- _EXTRACTED DATA_
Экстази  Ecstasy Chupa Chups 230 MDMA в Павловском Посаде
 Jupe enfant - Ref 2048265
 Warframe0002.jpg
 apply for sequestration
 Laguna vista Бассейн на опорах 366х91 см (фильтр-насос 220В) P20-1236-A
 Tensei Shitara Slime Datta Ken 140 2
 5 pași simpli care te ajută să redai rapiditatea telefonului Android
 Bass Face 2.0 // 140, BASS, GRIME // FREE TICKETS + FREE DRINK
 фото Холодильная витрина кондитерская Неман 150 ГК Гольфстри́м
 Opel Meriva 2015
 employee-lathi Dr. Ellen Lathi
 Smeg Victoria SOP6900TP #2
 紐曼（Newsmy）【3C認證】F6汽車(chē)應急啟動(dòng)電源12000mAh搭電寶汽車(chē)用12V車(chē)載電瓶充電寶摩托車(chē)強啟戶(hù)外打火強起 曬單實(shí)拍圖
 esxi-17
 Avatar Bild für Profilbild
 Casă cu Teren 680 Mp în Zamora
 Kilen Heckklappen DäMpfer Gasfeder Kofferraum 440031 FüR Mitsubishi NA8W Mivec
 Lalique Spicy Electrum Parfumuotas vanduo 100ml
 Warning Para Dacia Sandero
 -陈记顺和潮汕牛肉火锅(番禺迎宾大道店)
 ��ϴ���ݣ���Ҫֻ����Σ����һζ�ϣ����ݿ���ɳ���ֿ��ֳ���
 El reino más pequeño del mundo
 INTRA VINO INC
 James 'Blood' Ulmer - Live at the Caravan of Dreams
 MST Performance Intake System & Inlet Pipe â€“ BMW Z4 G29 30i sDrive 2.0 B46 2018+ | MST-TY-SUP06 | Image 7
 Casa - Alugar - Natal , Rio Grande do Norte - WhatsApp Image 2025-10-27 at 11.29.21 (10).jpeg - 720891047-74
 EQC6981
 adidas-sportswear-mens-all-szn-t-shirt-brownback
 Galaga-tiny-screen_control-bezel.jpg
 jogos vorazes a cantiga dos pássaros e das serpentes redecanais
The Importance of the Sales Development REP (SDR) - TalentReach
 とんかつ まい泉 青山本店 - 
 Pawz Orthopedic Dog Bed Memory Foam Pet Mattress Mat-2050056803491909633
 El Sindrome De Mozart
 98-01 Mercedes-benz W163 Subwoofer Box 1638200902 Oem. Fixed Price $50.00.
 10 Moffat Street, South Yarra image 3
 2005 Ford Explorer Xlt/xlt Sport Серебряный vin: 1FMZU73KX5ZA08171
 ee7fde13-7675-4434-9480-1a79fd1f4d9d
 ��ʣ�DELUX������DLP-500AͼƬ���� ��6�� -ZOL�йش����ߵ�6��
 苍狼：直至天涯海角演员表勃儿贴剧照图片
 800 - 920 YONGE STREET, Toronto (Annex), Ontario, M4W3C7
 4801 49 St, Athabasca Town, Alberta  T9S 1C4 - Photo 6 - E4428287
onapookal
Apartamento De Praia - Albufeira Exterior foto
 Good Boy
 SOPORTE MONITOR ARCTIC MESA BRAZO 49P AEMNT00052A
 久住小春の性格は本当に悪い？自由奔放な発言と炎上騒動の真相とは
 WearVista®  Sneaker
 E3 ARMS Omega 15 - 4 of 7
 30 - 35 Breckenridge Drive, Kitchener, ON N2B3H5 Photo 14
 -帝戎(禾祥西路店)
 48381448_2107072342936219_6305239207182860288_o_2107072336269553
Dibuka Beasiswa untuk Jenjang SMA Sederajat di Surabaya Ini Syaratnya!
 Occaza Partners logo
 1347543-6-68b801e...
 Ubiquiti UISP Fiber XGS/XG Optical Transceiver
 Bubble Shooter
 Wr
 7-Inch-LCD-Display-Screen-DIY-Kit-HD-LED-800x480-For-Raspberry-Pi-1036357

- _TO DO_
Please return the whole listing, line for line, exactly.

- _SOLUTION BELOW_
Экстази  Ecstasy Chupa Chups 230 MDMA в Павловском Посаде
 Jupe enfant - Ref 2048265
 Warframe0002.jpg
 apply for sequestration
 Laguna vista Бассейн на опорах 366х91 см (фильтр-насос 220В) P20-1236-A
 Tensei Shitara Slime Datta Ken 140 2
 5 pași simpli care te ajută să redai rapiditatea telefonului Android
 Bass Face 2.0 // 140, BASS, GRIME // FREE TICKETS + FREE DRINK
 фото Холодильная витрина кондитерская Неман 150 ГК Гольфстри́м
 Opel Meriva 2015
 employee-lathi Dr. Ellen Lathi
 Smeg Victoria SOP6900TP #2
 紐曼（Newsmy）【3C認證】F6汽車(chē)應急啟動(dòng)電源12000mAh搭電寶汽車(chē)用12V車(chē)載電瓶充電寶摩托車(chē)強啟戶(hù)外打火強起 曬單實(shí)拍圖
 esxi-17
 Avatar Bild für Profilbild
 Casă cu Teren 680 Mp în Zamora
 Kilen Heckklappen DäMpfer Gasfeder Kofferraum 440031 FüR Mitsubishi NA8W Mivec
 Lalique Spicy Electrum Parfumuotas vanduo 100ml
 Warning Para Dacia Sandero
 -陈记顺和潮汕牛肉火锅(番禺迎宾大道店)
 ��ϴ���ݣ���Ҫֻ����Σ����һζ�ϣ����ݿ���ɳ���ֿ��ֳ���
 El reino más pequeño del mundo
 INTRA VINO INC
 James 'Blood' Ulmer - Live at the Caravan of Dreams
 MST Performance Intake System & Inlet Pipe â€“ BMW Z4 G29 30i sDrive 2.0 B46 2018+ | MST-TY-SUP06 | Image 7
 Casa - Alugar - Natal , Rio Grande do Norte - WhatsApp Image 2025-10-27 at 11.29.21 (10).jpeg - 720891047-74
 EQC6981
 adidas-sportswear-mens-all-szn-t-shirt-brownback
 Galaga-tiny-screen_control-bezel.jpg
 jogos vorazes a cantiga dos pássaros e das serpentes redecanais
The Importance of the Sales Development REP (SDR) - TalentReach
 とんかつ まい泉 青山本店 - 
 Pawz Orthopedic Dog Bed Memory Foam Pet Mattress Mat-2050056803491909633
 El Sindrome De Mozart
 98-01 Mercedes-benz W163 Subwoofer Box 1638200902 Oem. Fixed Price $50.00.
 10 Moffat Street, South Yarra image 3
 2005 Ford Explorer Xlt/xlt Sport Серебряный vin: 1FMZU73KX5ZA08171
 ee7fde13-7675-4434-9480-1a79fd1f4d9d
 ��ʣ�DELUX������DLP-500AͼƬ���� ��6�� -ZOL�йش����ߵ�6��
 苍狼：直至天涯海角演员表勃儿贴剧照图片
 800 - 920 YONGE STREET, Toronto (Annex), Ontario, M4W3C7
 4801 49 St, Athabasca Town, Alberta  T9S 1C4 - Photo 6 - E4428287
onapookal
Apartamento De Praia - Albufeira Exterior foto
 Good Boy
 SOPORTE MONITOR ARCTIC MESA BRAZO 49P AEMNT00052A
 久住小春の性格は本当に悪い？自由奔放な発言と炎上騒動の真相とは
 WearVista®  Sneaker
 E3 ARMS Omega 15 - 4 of 7
 30 - 35 Breckenridge Drive, Kitchener, ON N2B3H5 Photo 14
 -帝戎(禾祥西路店)
 48381448_2107072342936219_6305239207182860288_o_2107072336269553
Dibuka Beasiswa untuk Jenjang SMA Sederajat di Surabaya Ini Syaratnya!
 Occaza Partners logo
 1347543-6-68b801e...
 Ubiquiti UISP Fiber XGS/XG Optical Transceiver
 Bubble Shooter
 Wr
 7-Inch-LCD-Display-Screen-DIY-Kit-HD-LED-800x480-For-Raspberry-Pi-1036357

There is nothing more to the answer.